4. Asking prices post record annual drop

Homebuyers are getting a welcome break as listing prices continue to fall. In June, the national median asking price dropped 2.5% from a year earlier to $430,000, marking the eighth straight month of declines and the largest annual drop since Realtor.com began tracking the data in 2017.

Key takeaways:

  • The typical homebuyer would pay about $132 less per month than a year earlier, saving more than $1,500 annually.

  • Pending home sales rose 3.7%, while homes spent a median of 53 days on the market, unchanged from last year.

  • New listings increased 2.4% to 463,480, giving buyers more options.

  • Austin recorded the largest decline in listing prices among the nation's 50 largest metros, with the median asking price per square foot falling 8.2% from a year earlier.

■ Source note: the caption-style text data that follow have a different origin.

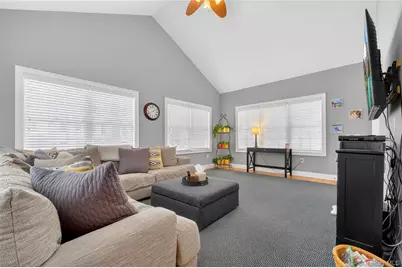 31 Dew Drop Lane, Hopewell Junction, NY 12533 - Photo 16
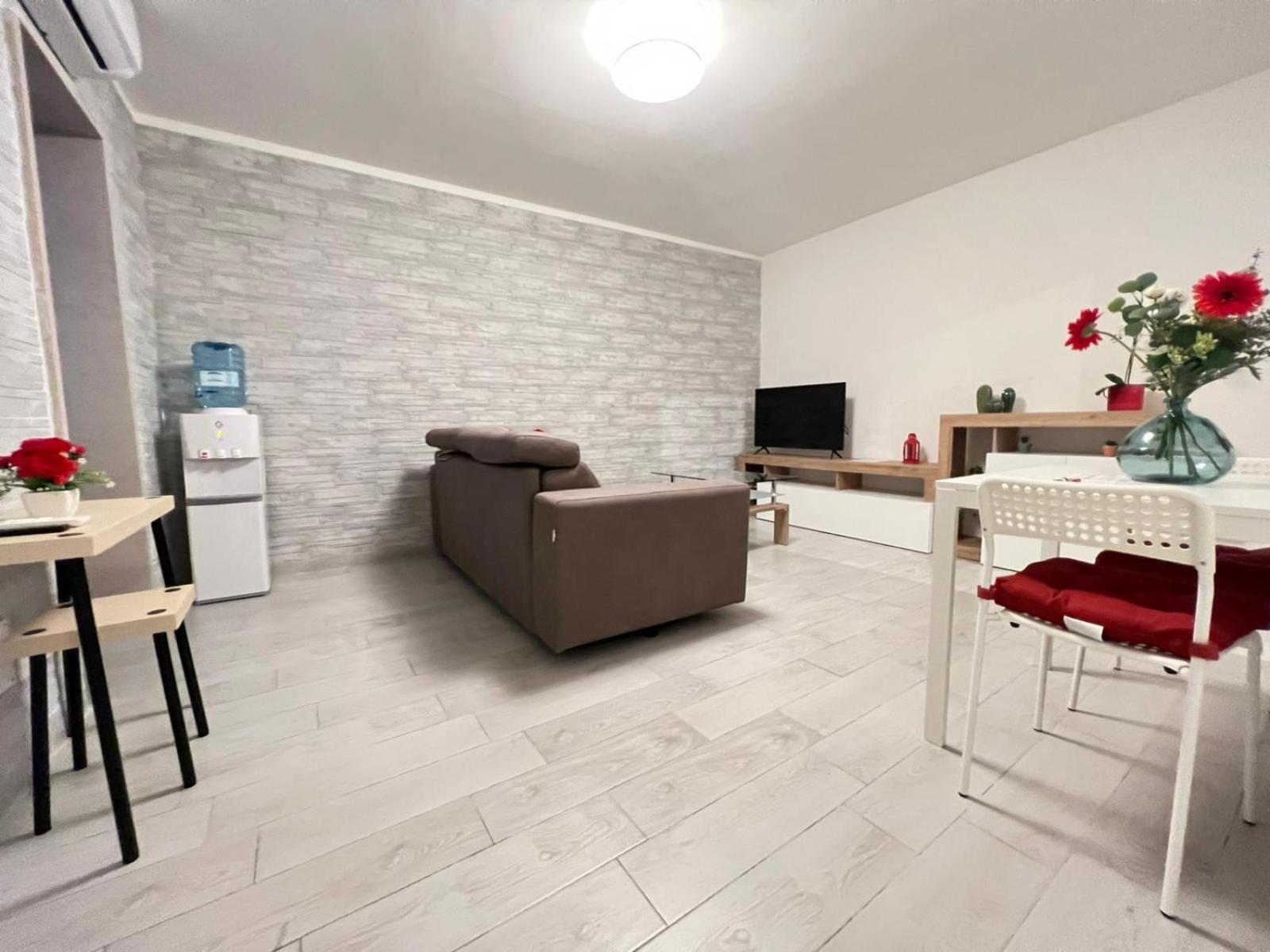 Deluxe One-Bedroom Apartment photo 1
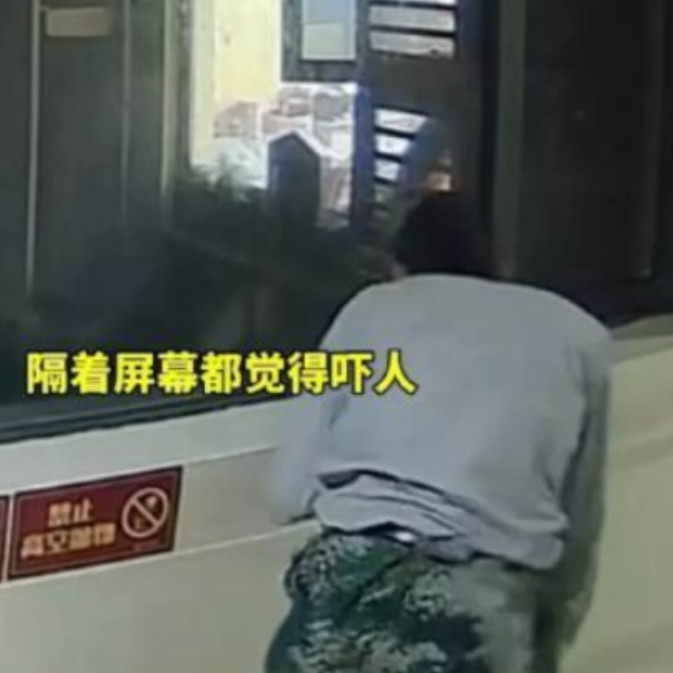 “变态。”2024年湖北，女子晚上不拉窗帘，一男子连续3天凌晨1点，在走廊上趴窗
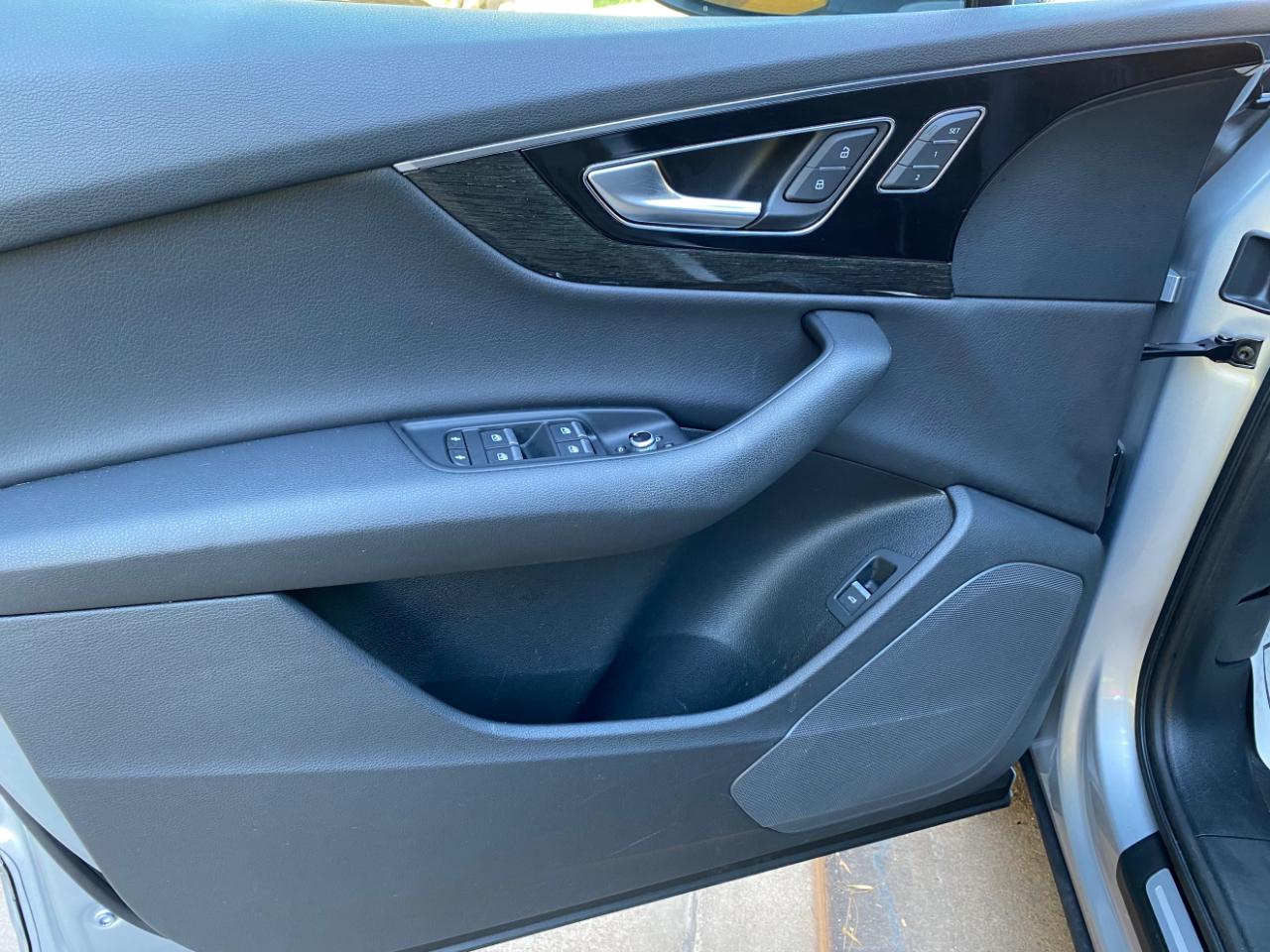 Audi Q7 Premium 55 TFSI quattro 2019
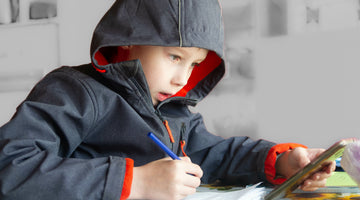 IO+ care Luftreiniger von ProActiveAir für Schulen Kind in Jacke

5. Luxury home prices are rising 3x faster than non-luxury prices

The luxury housing market continues to outpace the broader market. Redfin says the median luxury home sold for $1.37 million during the three months ending May 31, up 4.7% from a year ago, more than triple the 1.5% increase for non-luxury homes.

Demand also remained strong, with pending luxury home sales rising 5.2%, compared with 3.6% for non-luxury homes.

In Texas, Fort Worth led the state with a 9.4% increase in luxury home prices, followed by Austin (9.0%), San Antonio (5.1%), and Houston (4.9%). Dallas was the only major Texas metro to see a slight decline, with prices down 0.3%.